Figure 9 reports several building segmentation results of the UNet [
54] and the ResNet-50. The yellow, the green, and the red pixels denote “false negative”, “true positive”, and “false positive”, respectively. As shown in
Figure 10, the flyover was wrongly labeled as building by using the ResNet50 and the UNet network models. We can see that the proposed method could remove most false alarms due to the introduction of the attention mechanism into the deep network model, which resulted in generating more precise segmentation results; this indicates the integration of the attention channel module into the remote sensing image process helped to improve the performance. Our network architecture yielded satisfying segmentation results. In addition, generalization ability was improved due to a data augmentation strategy.
Failure cases: Although the proposed method could obtain good performance on public datasets, our method did not achieve the desired results for some farmlands. As shown in
Figure 10, our method had difficulty in some cases, which were wrongly detected in the urban construction change areas bounded by green boxes.
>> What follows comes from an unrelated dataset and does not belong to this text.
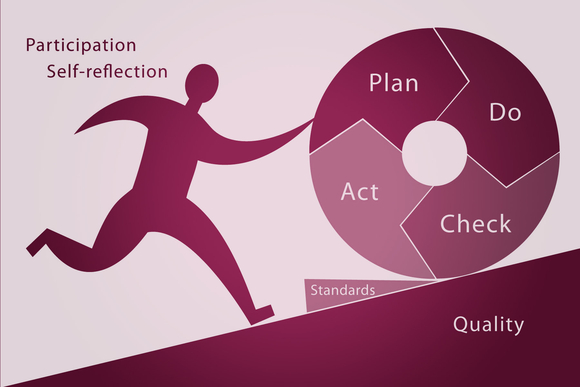 Pelatihan Quality Improvement in HR Program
This might be due to the ground surface changing that usually happens in farmlands. Moreover, the noises in labeling might further result in performance drop.
6. Conclusions
In this paper, we proposed a feature information–interaction model for multi-source data fusion under visual perception, which adopts channel information of feature maps to weight self-attention feature maps of multiple-source data, completing extraction, fusion, and enhancement of global semantic feature with object contextual information. Then, we presented an adaptively cyclic feature information–interaction model, which adopts a branch prediction mechanism to decide the number of visual perceptions, accomplishing adaptive fusion of global semantic features and local detailed information repeatedly. Experimental results demonstrate that the proposed approach significantly improves the accuracy of the baseline model.
However, our method still needs to be improved in terms of speed and real time. How to balance the computational complexity and the accuracy remains a big challenge. In the future, we would like to discover a lower computational complexity. Additionally, better pre-trained models will be applied to the research with the development of deep networks.